To cite an image found through Google using the image-search function or through searching Google Images, identify the website where the image was originally posted. Cite the image as though you found it on the original website where it was posted. To find the publisher’s details, this means clicking through to the site with the image.

Do not list Google Images in the container slot since Google isn’t the original publisher of the image. If the image has no official title, create a short description of your own.

Image Citation Templates (MLA 9):

Image viewed online:

Artist Last Name, First Name or Organization Name (if available). Image Title or Image description. Year Created. Website Title, URL.

Imaged viewed online in a publication:

Artist Last Name, First Name or Organization Name (if available). “Image Title” or Photograph of image description. “Webpage Title,” by Webpage Author Name, Day Month Year. Website Title, URL.
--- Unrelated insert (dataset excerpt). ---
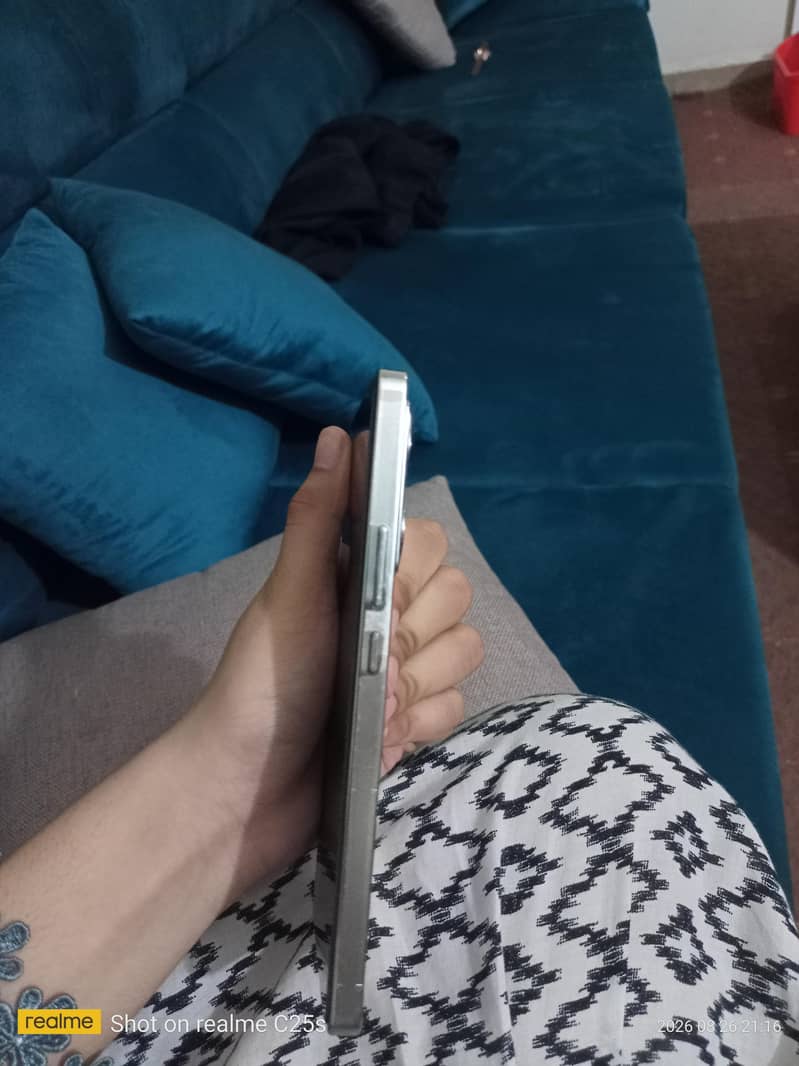 Infinix Note 40 5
Illustration viewed online:

Artist Last Name, First Name or Organization Name (if available). “Illustration Title.” Website Title, Date, URL.

*Note: Make sure you use the name of the website where the image is posted, not just Google or Google Images.

Image Citation Examples (MLA 9):

Banksy. Show Me the Monet. 2005. Sotheby’s, https://www.sothebys.com/en/buy/auction/2020/contemporary-art-evening-auction-2/banksy-show-me-the-monet?locale=en

Photograph of Swiss tourists getting a very close look at an elephant. “Swiss Couple on Safari Has Close Encounters of the Elephant Kind.” The London Telegraph, 13 May 2008, https://www.telegraph.co.uk/news/newstopics/howaboutthat/1952452/Swiss-couple-on-safari-has-close-encounters-of-the-elephant-kind.html

Reuter, Matt. Cartoon. The New Yorker, 8 July 2022, https://www.newyorker.com/cartoons/daily-cartoon/friday-july-8th-rental-woes

Image In-text Citation Templates (MLA 9):

For in-text citations, use either the artist’s last name in parentheses or the image’s title or description. The title/description should be shortened to the first noun phrase in parenthetical citations. The parenthetical citation should always match the first item in the full reference on your Works Cited page.

(Artist Last Name)

(Shortened Image Title)

(Shortened Image Description)

Image In-text Citation Examples (MLA 9):

(Banksy)

(Photograph)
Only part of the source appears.